**YOUR INSTRUCTIONS:**
Start at the first line of the material. Repeat each line exactly through the one containing "1 Bedroom Flat", then stop.

------------------------------------------------

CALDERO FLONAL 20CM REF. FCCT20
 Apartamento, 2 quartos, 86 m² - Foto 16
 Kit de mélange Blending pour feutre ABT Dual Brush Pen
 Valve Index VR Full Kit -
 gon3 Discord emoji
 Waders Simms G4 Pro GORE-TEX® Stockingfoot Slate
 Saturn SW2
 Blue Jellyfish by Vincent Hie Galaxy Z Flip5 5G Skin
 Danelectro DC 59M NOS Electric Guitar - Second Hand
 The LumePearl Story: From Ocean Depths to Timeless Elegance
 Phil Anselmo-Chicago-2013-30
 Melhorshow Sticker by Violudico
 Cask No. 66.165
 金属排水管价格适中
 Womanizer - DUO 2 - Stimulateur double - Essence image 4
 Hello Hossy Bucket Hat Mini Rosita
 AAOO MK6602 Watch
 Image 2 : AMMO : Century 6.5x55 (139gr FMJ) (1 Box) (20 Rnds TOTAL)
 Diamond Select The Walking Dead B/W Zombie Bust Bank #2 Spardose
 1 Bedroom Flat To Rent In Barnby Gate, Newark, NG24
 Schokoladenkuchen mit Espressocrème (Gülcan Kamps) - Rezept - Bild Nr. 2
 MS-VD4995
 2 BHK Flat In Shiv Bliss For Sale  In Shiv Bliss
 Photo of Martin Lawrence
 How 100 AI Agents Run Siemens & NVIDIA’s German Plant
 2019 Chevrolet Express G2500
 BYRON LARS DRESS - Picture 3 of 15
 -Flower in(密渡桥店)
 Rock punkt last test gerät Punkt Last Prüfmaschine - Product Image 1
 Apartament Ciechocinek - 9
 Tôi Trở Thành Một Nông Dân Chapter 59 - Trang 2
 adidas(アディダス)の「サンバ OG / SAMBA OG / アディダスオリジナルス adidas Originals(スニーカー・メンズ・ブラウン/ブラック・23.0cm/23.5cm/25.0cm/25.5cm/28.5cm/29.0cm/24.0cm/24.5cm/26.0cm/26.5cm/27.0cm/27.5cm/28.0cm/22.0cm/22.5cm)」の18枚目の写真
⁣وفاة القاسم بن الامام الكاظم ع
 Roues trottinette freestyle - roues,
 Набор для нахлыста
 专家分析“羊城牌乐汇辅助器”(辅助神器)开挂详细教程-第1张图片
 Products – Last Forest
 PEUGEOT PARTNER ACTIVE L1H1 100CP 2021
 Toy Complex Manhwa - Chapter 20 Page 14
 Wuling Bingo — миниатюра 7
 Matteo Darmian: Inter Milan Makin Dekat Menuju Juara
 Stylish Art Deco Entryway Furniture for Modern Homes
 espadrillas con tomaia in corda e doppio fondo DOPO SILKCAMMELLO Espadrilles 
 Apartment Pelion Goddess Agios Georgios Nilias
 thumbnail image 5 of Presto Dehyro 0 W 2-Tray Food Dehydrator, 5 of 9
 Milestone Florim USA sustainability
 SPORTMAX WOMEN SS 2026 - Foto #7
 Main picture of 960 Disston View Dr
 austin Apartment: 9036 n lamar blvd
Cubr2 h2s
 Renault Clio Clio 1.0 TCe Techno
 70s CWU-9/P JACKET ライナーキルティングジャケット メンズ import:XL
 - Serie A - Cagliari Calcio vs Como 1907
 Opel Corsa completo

------------------------------------------------

**ANSWER TO THIS TASK:**
CALDERO FLONAL 20CM REF. FCCT20
 Apartamento, 2 quartos, 86 m² - Foto 16
 Kit de mélange Blending pour feutre ABT Dual Brush Pen
 Valve Index VR Full Kit -
 gon3 Discord emoji
 Waders Simms G4 Pro GORE-TEX® Stockingfoot Slate
 Saturn SW2
 Blue Jellyfish by Vincent Hie Galaxy Z Flip5 5G Skin
 Danelectro DC 59M NOS Electric Guitar - Second Hand
 The LumePearl Story: From Ocean Depths to Timeless Elegance
 Phil Anselmo-Chicago-2013-30
 Melhorshow Sticker by Violudico
 Cask No. 66.165
 金属排水管价格适中
 Womanizer - DUO 2 - Stimulateur double - Essence image 4
 Hello Hossy Bucket Hat Mini Rosita
 AAOO MK6602 Watch
 Image 2 : AMMO : Century 6.5x55 (139gr FMJ) (1 Box) (20 Rnds TOTAL)
 Diamond Select The Walking Dead B/W Zombie Bust Bank #2 Spardose
 1 Bedroom Flat To Rent In Barnby Gate, Newark, NG24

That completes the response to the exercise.